Artist Robert Barnes (American, b. 1934)
Title Poetry Reading at the Dil
Series The Dil Pickle Club
Date March 2, 2012
Medium Pastel and casein on paper
Dimensions Image: 15 3/4 × 20 1/16 in. (40 × 51 cm)
Sheet: 22 9/16 × 30 in. (57.3 × 76.2 cm)
Framed: 28 × 32 × 1 1/2 in. (71.1 × 81.3 × 3.8 cm)

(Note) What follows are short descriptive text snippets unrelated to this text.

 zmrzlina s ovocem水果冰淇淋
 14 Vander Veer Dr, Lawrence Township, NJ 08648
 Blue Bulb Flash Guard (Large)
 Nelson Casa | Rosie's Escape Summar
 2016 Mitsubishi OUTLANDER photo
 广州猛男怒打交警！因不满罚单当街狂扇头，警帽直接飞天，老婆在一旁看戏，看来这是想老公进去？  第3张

Credit Line Museum purchase with funds from Estate of Herman B Wells via the Joseph Granville and Anna Bernice Wells Memorial Fund, Eskenazi Museum of Art, Indiana University
Accession Number 2012.41
About this Work
Robert Barnes taught in IU’s fine arts department for thirty-five years before retiring in 1999. Although residing primarily in Bloomington, Indiana; Umbria, Italy; and Searsport, Maine, he is loosely associated with the Chicago Imagists because of his training at the School of the Art Institute of Chicago, his figurative subjects, and representation by major Chicago art dealers. Nonetheless, this piece is from one of his few series to address a specifically Chicago theme.
The Dil Pickle Club, a Bohemian nightspot in Chicago from 1917 to 1935, was begun by the labor activist John “Jack” Jones. This scene shows the stimulating atmosphere of the club. Although it depicts a poetry reading as seen reflected in the convex mirror surrounded by a fireball of creativity, the image also hints at the club’s diverse range of social activities, with a dancing figure in the upper left; a group of people attending a lecture on free sex in the lower right; and a pair of seated men (Maxwell Bodenheim and Carl Sandburg) debating art, science, culture, or politics near the center. Among the club’s other noted attendees were Clarence Darrow, Upton Sinclair, Sherwood Anderson, Emma Goldman, and William Carlos Williams.